Exercise description
Reproduce, exactly and in full, only the lines below from the one containing "Two Trident vans" through the one containing "Retrato de una".
※ ※ ※
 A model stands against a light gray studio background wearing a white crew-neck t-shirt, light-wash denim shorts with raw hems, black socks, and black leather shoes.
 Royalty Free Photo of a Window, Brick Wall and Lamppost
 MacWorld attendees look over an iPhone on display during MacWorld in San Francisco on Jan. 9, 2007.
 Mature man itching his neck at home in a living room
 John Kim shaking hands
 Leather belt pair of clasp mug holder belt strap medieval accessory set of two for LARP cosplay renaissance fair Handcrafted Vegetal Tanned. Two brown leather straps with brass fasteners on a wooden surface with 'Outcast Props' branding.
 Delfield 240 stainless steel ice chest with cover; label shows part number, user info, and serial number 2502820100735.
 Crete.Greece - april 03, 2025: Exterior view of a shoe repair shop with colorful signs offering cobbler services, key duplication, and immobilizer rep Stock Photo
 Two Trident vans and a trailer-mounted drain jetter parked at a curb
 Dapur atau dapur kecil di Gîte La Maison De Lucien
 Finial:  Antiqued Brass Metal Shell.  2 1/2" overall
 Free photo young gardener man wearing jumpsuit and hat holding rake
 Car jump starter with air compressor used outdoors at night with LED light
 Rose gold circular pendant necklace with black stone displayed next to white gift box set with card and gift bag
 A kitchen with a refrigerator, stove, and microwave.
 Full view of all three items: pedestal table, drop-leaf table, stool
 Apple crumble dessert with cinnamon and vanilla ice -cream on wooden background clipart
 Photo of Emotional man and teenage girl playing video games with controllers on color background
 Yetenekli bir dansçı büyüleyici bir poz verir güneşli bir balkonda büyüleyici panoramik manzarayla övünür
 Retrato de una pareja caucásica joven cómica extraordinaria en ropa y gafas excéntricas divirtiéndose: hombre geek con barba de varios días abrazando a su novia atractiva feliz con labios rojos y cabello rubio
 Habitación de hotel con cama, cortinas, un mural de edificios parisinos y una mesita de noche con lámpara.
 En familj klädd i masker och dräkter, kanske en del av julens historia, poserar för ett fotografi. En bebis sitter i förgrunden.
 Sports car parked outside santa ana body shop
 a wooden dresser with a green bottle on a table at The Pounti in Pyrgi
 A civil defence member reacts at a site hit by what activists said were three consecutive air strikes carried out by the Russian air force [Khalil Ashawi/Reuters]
※ ※ ※
Solution
 Two Trident vans and a trailer-mounted drain jetter parked at a curb
 Dapur atau dapur kecil di Gîte La Maison De Lucien
 Finial:  Antiqued Brass Metal Shell.  2 1/2" overall
 Free photo young gardener man wearing jumpsuit and hat holding rake
 Car jump starter with air compressor used outdoors at night with LED light
 Rose gold circular pendant necklace with black stone displayed next to white gift box set with card and gift bag
 A kitchen with a refrigerator, stove, and microwave.
 Full view of all three items: pedestal table, drop-leaf table, stool
 Apple crumble dessert with cinnamon and vanilla ice -cream on wooden background clipart
 Photo of Emotional man and teenage girl playing video games with controllers on color background
 Yetenekli bir dansçı büyüleyici bir poz verir güneşli bir balkonda büyüleyici panoramik manzarayla övünür
 Retrato de una pareja caucásica joven cómica extraordinaria en ropa y gafas excéntricas divirtiéndose: hombre geek con barba de varios días abrazando a su novia atractiva feliz con labios rojos y cabello rubio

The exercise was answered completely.